INSTRUCTIONS FOR THE TASK – Reproduce exactly the lines of this material that begin at the line with "Kleine Menschen brauchen" and end at the line with "Melanie Martinez - Soap", both included. Omit the pictures and everything else.

EXERCISE DATA –
● ● ● ● ●

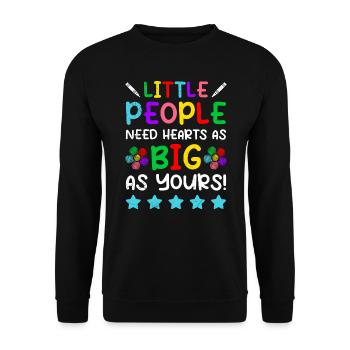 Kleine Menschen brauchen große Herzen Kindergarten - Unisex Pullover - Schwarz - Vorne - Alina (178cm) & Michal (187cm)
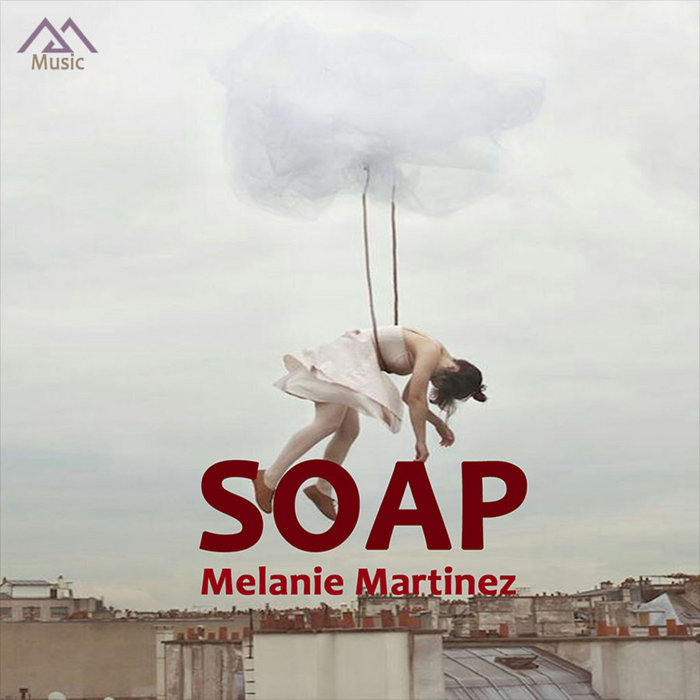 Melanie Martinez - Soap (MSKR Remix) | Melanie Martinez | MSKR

● ● ● ● ●

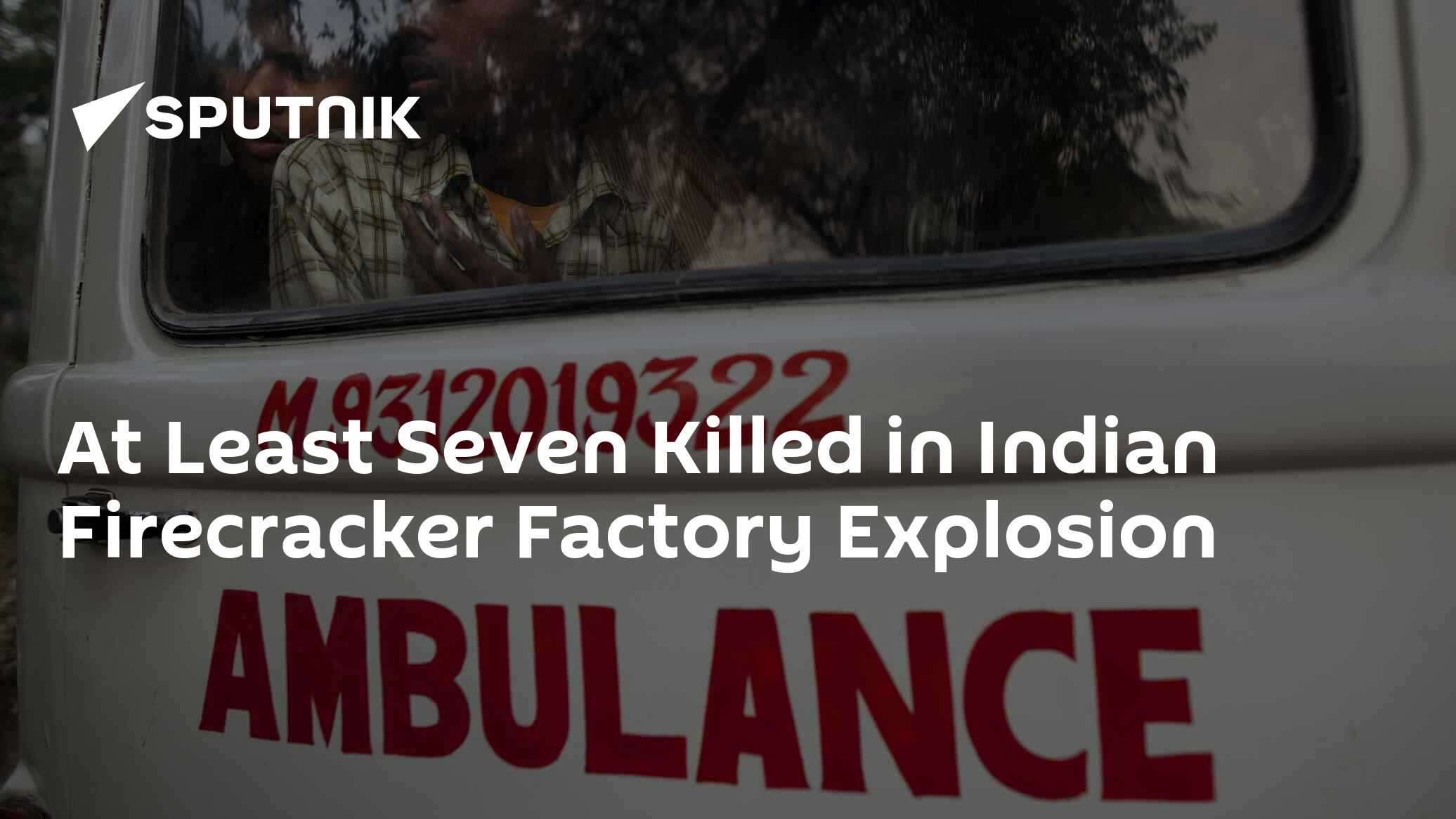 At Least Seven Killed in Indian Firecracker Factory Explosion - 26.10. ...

● ● ● ● ●

FINISHED EXERCISE –
 Kleine Menschen brauchen große Herzen Kindergarten - Unisex Pullover - Schwarz - Vorne - Alina (178cm) & Michal (187cm)
 Melanie Martinez - Soap (MSKR Remix) | Melanie Martinez | MSKR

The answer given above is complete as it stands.